Aired April 5, 2017 - 08:00   ET


[08:00:00] ALISYN CAMEROTA, CNN ANCHOR: The evidence points to his regime carrying out the worst chemical attack in years, killing dozens of people including children. It is a busy day, 76th of the Trump presidency. Let's begin our coverage with CNN senior international correspondent Ivan Watson. He is live in Seoul on that missile launch. What is the latest, Ivan?

IVAN WATSON, CNN SENIOR INTERNATIONAL CORRESPONDENT: Good morning, Alisyn. The North Koreans launched this missile shortly after dawn here on the Korean peninsula. It was described as a medium range ballistic missile. The specific form is a KN-15, and it was fired from near a submarine base called Sinpo. It flew for only about nine minutes in the air. A very strange trajectory, very high, about 117 miles in the air, but a distance of only 87 miles into east sea or the Sea of Japan.

Now, this is believed to have been using solid fuel, which means unlike liquid fuel rockets, it takes much less time to prepare them, to fuel them, and to launch them, which means it's much harder to intercept these rockets, these missiles, after they go into the air.

This similar type of missile was launched in February during the meeting between President Trump and the Japanese prime minister. China has come out with a statement saying it wants restraint and insisting that there is no link between this missile launch today, banned by United Nations Security Council resolutions, and the first meeting to take place between President Trump and the Chinese leader Xi Jinping in Florida tomorrow. Alisyn?

CAMEROTA: It will be fascinating to see what happens at that meeting. Ivan, thank you very much for the reporting.

President Trump now weighing his next move after North Korea's ballistic missile launch as well as that horrific chemical attack in Syria. CNN's Joe Johns is live at the White House with all of the international crises facing the White House. What's the latest, Joe?

JOE JOHNS, CNN SENIOR WASHINGTON CORRESPONDENT: Alisyn, the focus really this morning on the crisis messaging coming out of the White House. Ivanka Trump, by the way, tweeting just a little while ago "Heartbroken and outraged by the images coming out of Syria following the atrocious chemical attack yesterday." But over the last 24 hours, you can say there have been some curious responses from the White House. And I want to tell you also that coming up in this report there are some very disturbing images if you haven't already seen them.


JOHNS: North Korea raising the stakes ahead of President Trump's summit with the Chinese president. Secretary of State Rex Tillerson responding to the provocation with a foreboding 23 word statement. "North Korea launched yet another intermediate range ballistic missile. The United States has spoken enough about North Korea. We have no further comment." This after President Trump threatened to go it alone if China doesn't help confront the North Korean threat. On the campaign trail Trump insisted North Korea was China's problem.

DONALD TRUMP, PRESIDENT OF THE UNITED STATES: What I would do very simply is say, China, this is your baby. This is your problem. You solve the problem.

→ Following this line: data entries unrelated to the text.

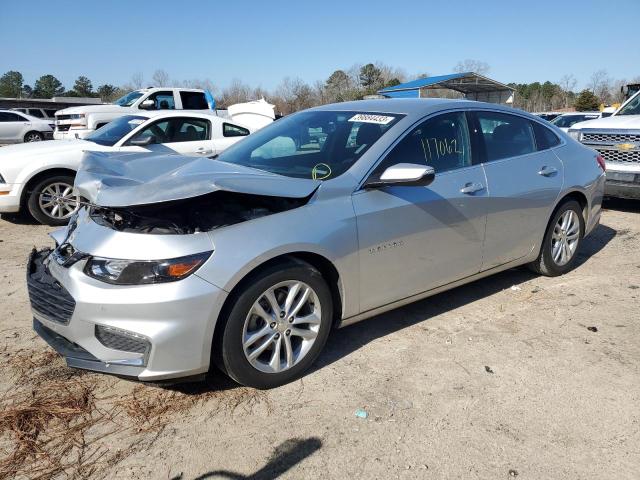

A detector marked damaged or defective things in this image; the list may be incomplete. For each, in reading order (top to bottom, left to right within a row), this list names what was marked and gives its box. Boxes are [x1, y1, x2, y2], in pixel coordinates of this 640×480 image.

crumpled hood [75, 151, 322, 207]
damaged front end [75, 149, 322, 233]
broken headlight [82, 251, 211, 284]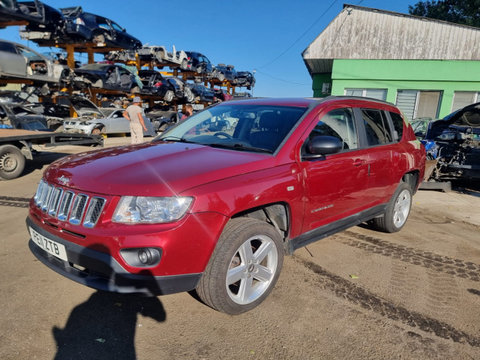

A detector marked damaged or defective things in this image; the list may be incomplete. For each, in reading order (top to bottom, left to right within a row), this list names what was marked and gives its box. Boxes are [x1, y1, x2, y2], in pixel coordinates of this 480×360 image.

wrecked car [59, 6, 142, 49]
wrecked car [0, 39, 70, 85]
wrecked car [71, 63, 142, 94]
wrecked car [62, 95, 155, 136]
wrecked car [418, 102, 478, 181]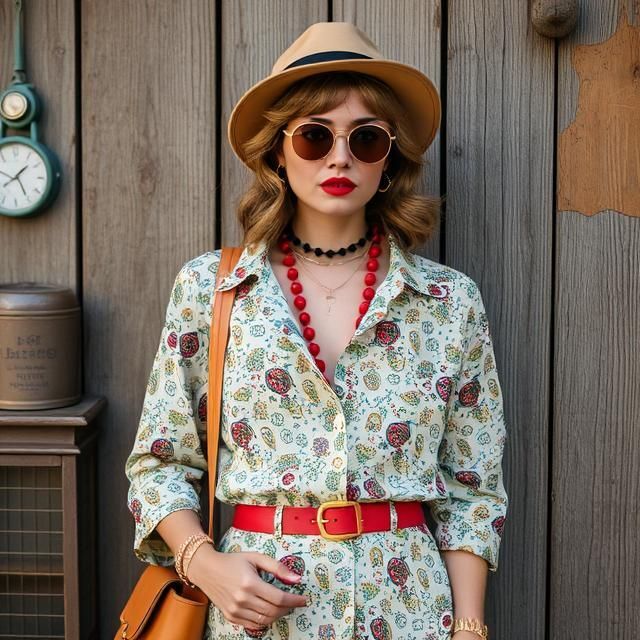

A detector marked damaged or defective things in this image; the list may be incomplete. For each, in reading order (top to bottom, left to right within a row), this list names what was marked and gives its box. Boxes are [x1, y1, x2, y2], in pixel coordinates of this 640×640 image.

rusty metal lid [0, 284, 79, 316]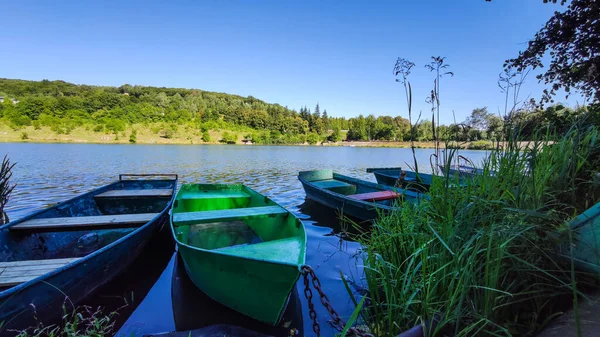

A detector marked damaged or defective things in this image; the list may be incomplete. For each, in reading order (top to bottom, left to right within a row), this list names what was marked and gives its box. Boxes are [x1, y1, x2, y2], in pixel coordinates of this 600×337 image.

rusty chain [302, 266, 372, 336]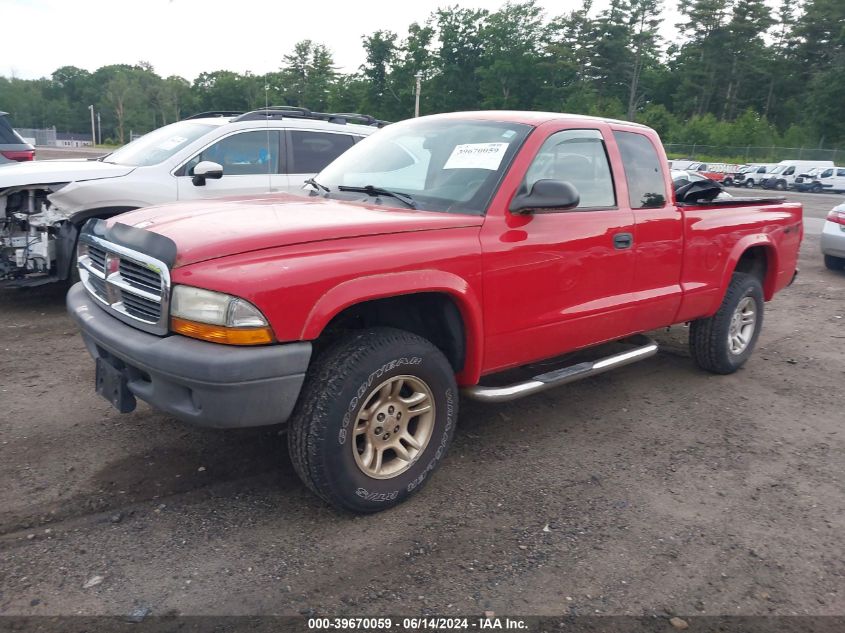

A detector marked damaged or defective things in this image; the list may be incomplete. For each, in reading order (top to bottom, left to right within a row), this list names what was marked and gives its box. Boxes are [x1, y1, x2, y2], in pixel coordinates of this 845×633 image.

damaged white car [0, 108, 380, 286]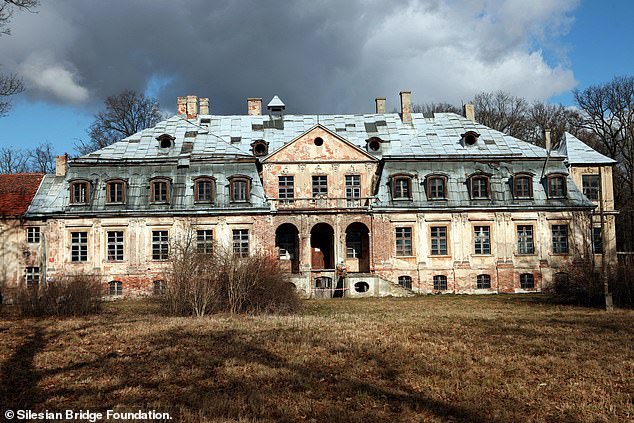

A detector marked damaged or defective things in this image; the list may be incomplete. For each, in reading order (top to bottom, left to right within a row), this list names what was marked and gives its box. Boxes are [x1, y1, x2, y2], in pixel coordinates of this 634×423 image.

JOHNS: Meantime, a senior White House official issuing a dire warning that the clock has now run out. All options are on the table.

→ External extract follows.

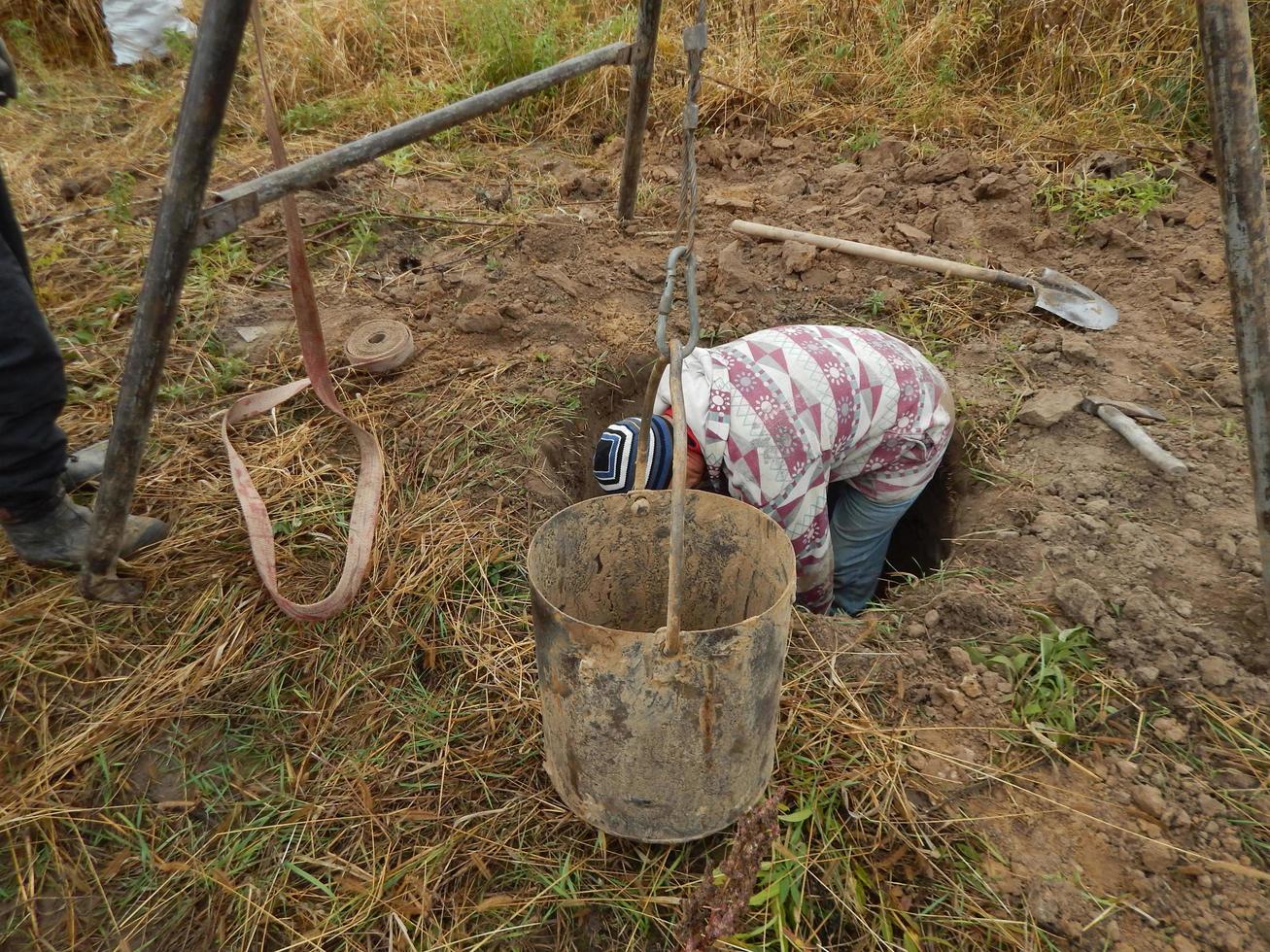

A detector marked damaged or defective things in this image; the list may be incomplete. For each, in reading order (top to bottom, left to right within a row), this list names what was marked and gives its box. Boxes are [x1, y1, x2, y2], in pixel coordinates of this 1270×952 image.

rusty bucket [526, 487, 792, 847]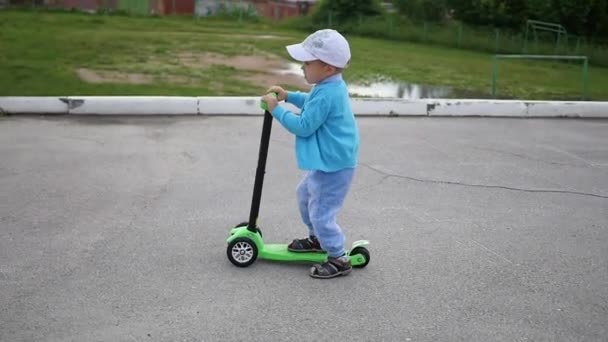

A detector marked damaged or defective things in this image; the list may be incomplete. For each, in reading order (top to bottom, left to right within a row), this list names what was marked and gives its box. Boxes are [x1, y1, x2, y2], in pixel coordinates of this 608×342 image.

pavement crack [360, 164, 608, 199]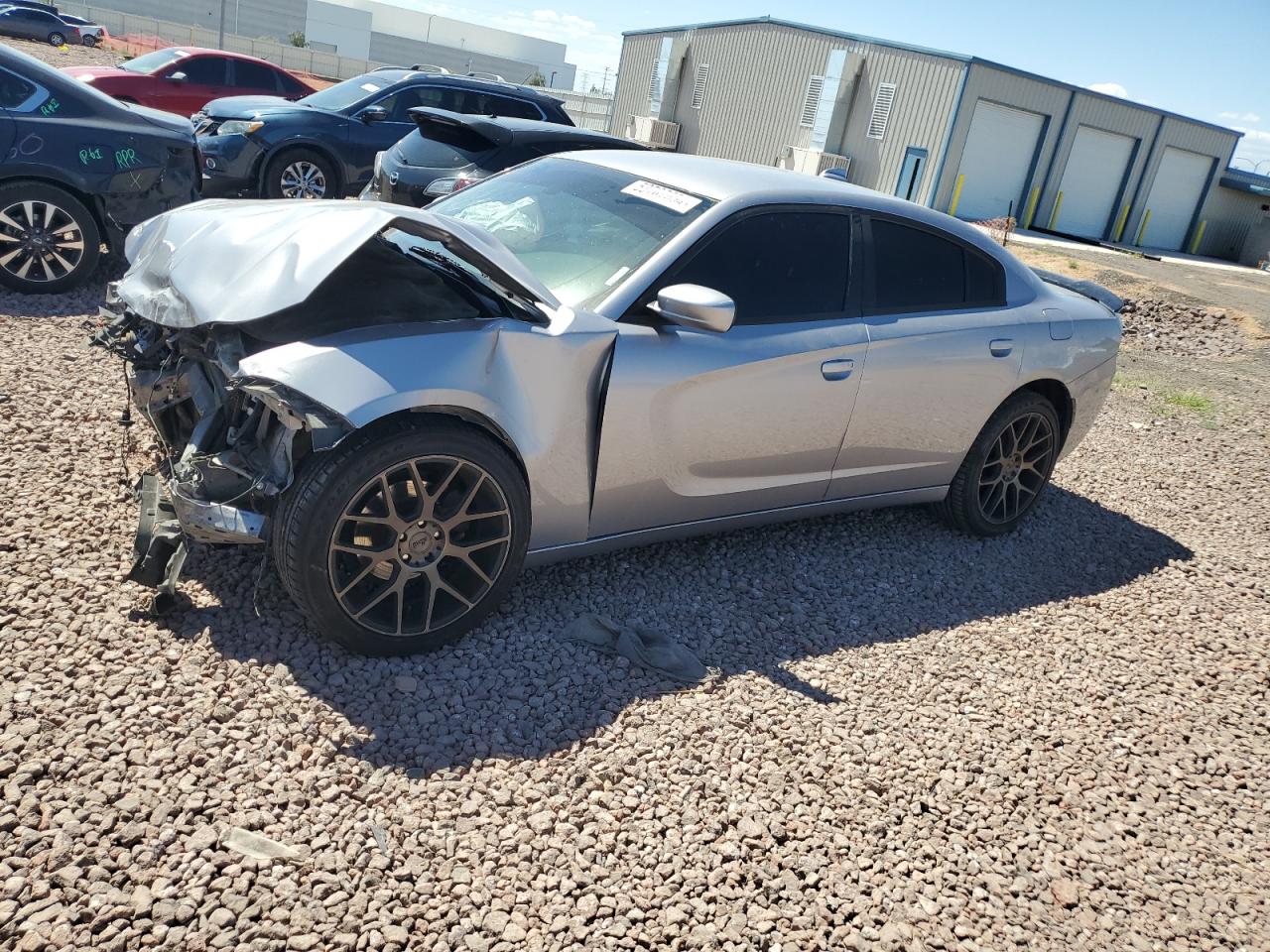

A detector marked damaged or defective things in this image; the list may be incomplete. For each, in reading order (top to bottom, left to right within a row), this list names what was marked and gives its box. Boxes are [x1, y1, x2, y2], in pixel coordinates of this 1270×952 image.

This as the world reacts in horror to one of the worst chemical attacks in Syria in years. Experts say it is likely another Sarin gas attack that killed dozens of civilians including children and injured hundreds. As world leaders quickly condemn the attack, it took the White House nine hours to issue a statement. The president and his top diplomat declining to comment on Syria during multiple public appearances on Tuesday, the White House statement calling the attack reprehensible and laying responsibility squarely at the feet of Syrian president Bashar al-Assad, but also blaming President Obama, deeming the attack a consequence of his weakness and irresolution.

SEAN SPICER, WHITE HOUSE PRESS SECRETARY: President Obama said in 2012 that he would establish a, quote-unquote, "red line" against the use of chemical weapons and then did nothing.

JOHNS: This criticism contradicting President Trump's tweets after the last chemical attack in 2013, in which he urged then President Obama not to retaliate with military action. Just last week, two of Trump's top administration officials signaling a sharp change in U.S. policy towards Syria.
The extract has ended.